付強突然睜開眼睛,他的腦子裡閃過一個身影……難道真是他?為什麼?
「付強,你看,」艾瑪突然拍拍付強的背,指著車後面對他說。
在車子後面不遠的地方,白鳳正扶著白媽媽踽踽而來,白鳳手裡還挽著一個竹籃。
「她們是來給白小小上墳的吧,」小三說。
「小三,趕快下去把她們攔住,就說……就說上面有滑坡,正在修復,總之,讓她們回去。」付強急急地說。

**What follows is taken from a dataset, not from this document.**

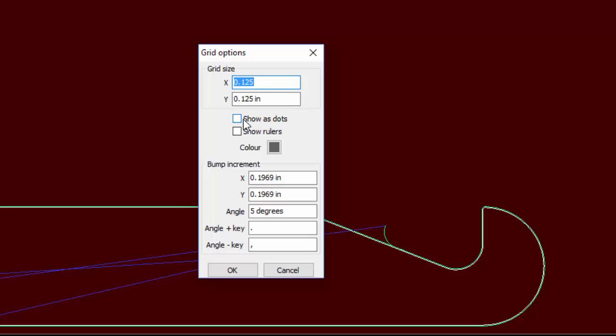We can show the grid as dots. If we don't check that, it's going to show the grid as lines. Sometimes dots are a little less confusing. These are your bump increments—honestly, I've never used that.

「是」,小三領命而去。只見他迎上前去說了很久,然後看到兩個失望的人無奈轉身離去。
「為什麼?付強。」艾瑪對付強的舉動感到疑問:「為什麼不讓她們去上墳?」
付強看著艾瑪迷惑的臉,一會才慢慢對她說:「我知道誰是兇手了。」
「是誰?」艾瑪驚呼。
付強搖搖頭,「但我不知道為什麼,所以,我們再等一會吧,蘇京走到了白小小的墳前,我們就知道了。」
「那你是說,蘇京說的都是真的?」
付強點點頭說:「是的,我突然就想到了,蘇京一直以來,說的都是真話,他從來沒有騙過我們,艾瑪,你是對的,關於他的眼睛,清澈如水,昨天我也看到了。」
蘇京默默地注視石碑上刻的字,一會,他慢慢地打開付強給他買的香燭紙錢,然後點燃,插在地上,裊裊的香煙頓時在空氣中瀰漫開來。蘇京對著小小的墓碑跪了下去,他伸出手,輕輕地撫摸著碑上的一橫一豎,一撇一捺。
自始至終,他沒有看旁邊跪立的人一眼。那只一付罪惡的軀體,沒有靈魂、沒有人性的軀體,這樣的軀體走不進蘇京的眼睛。
「你來了,」終於,這付軀體忍不住用蒼老的聲音問了一句。
蘇京沒有轉過去看他,他的眼睛始終注視著石碑上白小小的名字,不停地描了一遍一遍。
「你為什麼要來?他們說你和小小在一起了。」那個聲音又在響起,然而卻無力得如同飄絮。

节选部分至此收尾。